Говорил-то он по-новому, а вот голосок гнусноват по-прежнему. К тому же добавилась какая-то манера цедить, растягивая слова, от чего получается снисходительно и оскорбительно.

– Видишь ли, Оля, когда так называемая общественность начинает оказывать содействие органам, обычно все это приводит к тому, что затрудняется деятельность…

– Кого – общественности или органов?

– Органов. У общественности жизнь затрудняется в том смысле, что органы не только должны преступников выслеживать, но и выручать попавших в беду активистов.

– Они такие, рвутся охранять правопорядок и немедленно попадают в беду.

– Да, по преимуществу так, – важно подтвердил Алька, точно не заметив шпильки. – И еще. Партизанские методы оповещения населения, по сути, те же слухи, только хуже. Они подрывают веру граждан в способность властей защитить их.
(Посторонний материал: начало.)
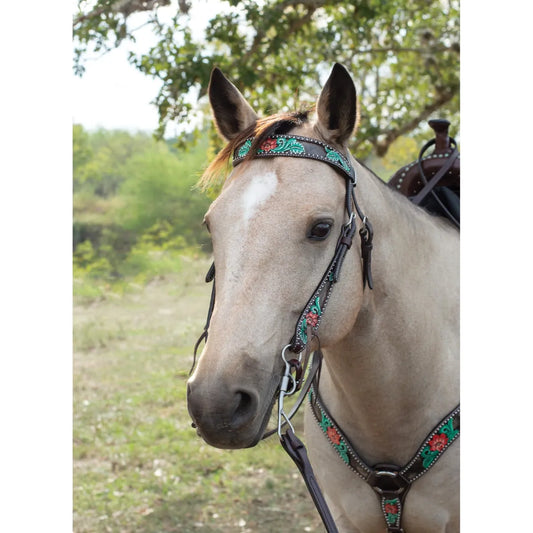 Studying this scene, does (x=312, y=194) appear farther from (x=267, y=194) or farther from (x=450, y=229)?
(x=450, y=229)

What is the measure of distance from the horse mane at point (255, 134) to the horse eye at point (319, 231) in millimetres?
279

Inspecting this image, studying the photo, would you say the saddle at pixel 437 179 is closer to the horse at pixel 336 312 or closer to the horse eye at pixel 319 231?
the horse at pixel 336 312

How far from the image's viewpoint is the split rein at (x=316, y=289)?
1.56 m

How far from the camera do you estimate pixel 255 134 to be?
1.75 m

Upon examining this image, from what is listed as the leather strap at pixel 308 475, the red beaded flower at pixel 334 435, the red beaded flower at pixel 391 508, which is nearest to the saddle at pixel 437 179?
the red beaded flower at pixel 334 435

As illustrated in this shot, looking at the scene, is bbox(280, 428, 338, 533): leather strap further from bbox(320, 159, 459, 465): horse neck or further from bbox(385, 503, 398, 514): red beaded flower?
bbox(385, 503, 398, 514): red beaded flower

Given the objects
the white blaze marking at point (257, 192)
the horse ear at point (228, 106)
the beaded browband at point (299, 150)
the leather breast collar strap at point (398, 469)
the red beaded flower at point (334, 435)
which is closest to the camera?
the white blaze marking at point (257, 192)

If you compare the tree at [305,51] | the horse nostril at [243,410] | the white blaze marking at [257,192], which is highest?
the tree at [305,51]

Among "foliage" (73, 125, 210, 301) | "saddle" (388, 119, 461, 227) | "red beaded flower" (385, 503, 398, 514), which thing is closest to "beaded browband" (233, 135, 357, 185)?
"saddle" (388, 119, 461, 227)

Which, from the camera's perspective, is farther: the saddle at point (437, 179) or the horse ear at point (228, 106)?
the saddle at point (437, 179)

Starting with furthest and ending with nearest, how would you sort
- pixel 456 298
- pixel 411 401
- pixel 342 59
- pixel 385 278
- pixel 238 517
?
1. pixel 342 59
2. pixel 238 517
3. pixel 456 298
4. pixel 411 401
5. pixel 385 278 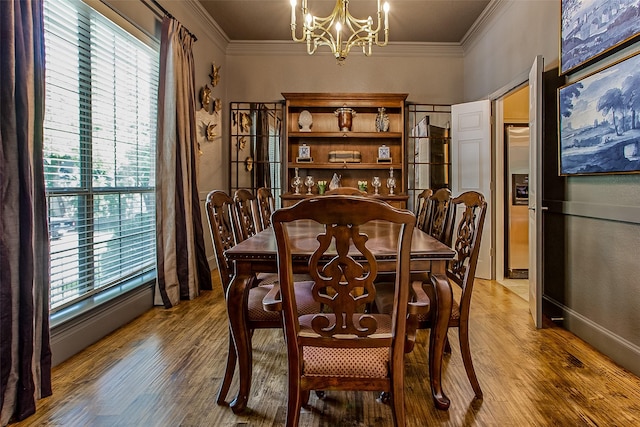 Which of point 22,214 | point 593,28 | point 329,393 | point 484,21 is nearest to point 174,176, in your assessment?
point 22,214

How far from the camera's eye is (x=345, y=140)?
5301mm

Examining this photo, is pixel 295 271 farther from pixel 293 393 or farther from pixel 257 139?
pixel 257 139

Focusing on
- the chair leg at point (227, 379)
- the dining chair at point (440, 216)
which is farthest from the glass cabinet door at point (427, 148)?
the chair leg at point (227, 379)

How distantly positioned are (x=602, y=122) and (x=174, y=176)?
3.14m

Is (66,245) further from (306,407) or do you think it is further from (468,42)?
(468,42)

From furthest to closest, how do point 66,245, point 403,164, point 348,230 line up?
point 403,164 < point 66,245 < point 348,230

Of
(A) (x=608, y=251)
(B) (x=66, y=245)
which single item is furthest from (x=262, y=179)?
(A) (x=608, y=251)

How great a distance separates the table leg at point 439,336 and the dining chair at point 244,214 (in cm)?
114

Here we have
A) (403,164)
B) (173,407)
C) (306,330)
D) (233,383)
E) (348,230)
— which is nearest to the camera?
(348,230)

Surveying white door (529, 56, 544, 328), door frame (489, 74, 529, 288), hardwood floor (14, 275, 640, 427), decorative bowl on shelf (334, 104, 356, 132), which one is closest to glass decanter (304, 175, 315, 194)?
decorative bowl on shelf (334, 104, 356, 132)

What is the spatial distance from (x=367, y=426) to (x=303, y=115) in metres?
4.14

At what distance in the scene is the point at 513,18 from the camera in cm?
381

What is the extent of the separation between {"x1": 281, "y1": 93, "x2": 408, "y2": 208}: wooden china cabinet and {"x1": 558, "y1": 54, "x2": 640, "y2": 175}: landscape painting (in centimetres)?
229

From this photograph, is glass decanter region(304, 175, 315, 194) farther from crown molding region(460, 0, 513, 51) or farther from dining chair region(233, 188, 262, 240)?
crown molding region(460, 0, 513, 51) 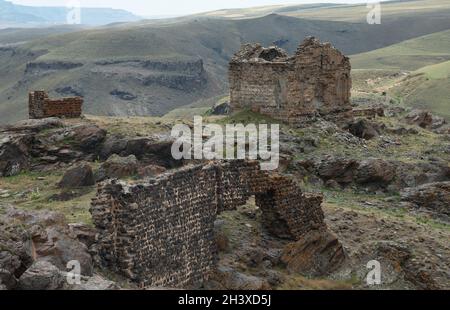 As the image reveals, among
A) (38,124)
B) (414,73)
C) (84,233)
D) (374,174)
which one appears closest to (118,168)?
(38,124)

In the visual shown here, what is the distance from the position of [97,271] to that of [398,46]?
11805 centimetres

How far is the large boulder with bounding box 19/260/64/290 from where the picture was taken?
11.3 m

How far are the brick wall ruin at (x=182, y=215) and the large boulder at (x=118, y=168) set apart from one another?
185 inches

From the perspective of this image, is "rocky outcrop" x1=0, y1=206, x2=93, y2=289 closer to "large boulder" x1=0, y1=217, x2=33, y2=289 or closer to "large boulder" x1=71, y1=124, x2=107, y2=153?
"large boulder" x1=0, y1=217, x2=33, y2=289

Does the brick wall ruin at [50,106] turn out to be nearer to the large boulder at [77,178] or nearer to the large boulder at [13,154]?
the large boulder at [13,154]

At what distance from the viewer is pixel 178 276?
1539 centimetres

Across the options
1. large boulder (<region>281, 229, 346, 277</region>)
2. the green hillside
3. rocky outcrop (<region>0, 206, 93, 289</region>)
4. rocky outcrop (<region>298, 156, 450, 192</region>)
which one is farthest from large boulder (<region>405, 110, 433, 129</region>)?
the green hillside

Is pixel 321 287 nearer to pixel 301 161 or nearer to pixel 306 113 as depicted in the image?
pixel 301 161

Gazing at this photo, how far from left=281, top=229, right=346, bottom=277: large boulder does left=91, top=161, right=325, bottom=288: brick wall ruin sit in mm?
548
«И раз. И два. И три… И нос оботри», – чуть приведя в порядок дыхание, Ольга продолжила, как и ранее, спокойно, но не без сарказма, пусть все еще добродушно:

– Ты, Альберт, долго отсутствовал на малой родине…

– Были обстоятельства.

– …И не знаешь изменившейся обстановки. У нас стало многолюдно.

– Та-ак.

– Вот тебе и та-а-ак, – передразнила Оля. – В нашем районе полно народу – не только постоянно проживающего, но и проезжие и дачники имеются. На фабрику прибывает пополнение, не всегда приспособленное к городской жизни.

Алька не ответил, лишь кивал, точь-в-точь экзаменующий, выслушивающий неправильный, но любопытный ответ. Продолжайте, дескать, бредить, небесталанно. Ольга, внутренне закипая, продолжила:

– …И обеспечивать порядок должны лишь трое, из которых один сердечник, второй – старик, третий – фронтовик, неоднократно раненный. Что же, нас это не касается?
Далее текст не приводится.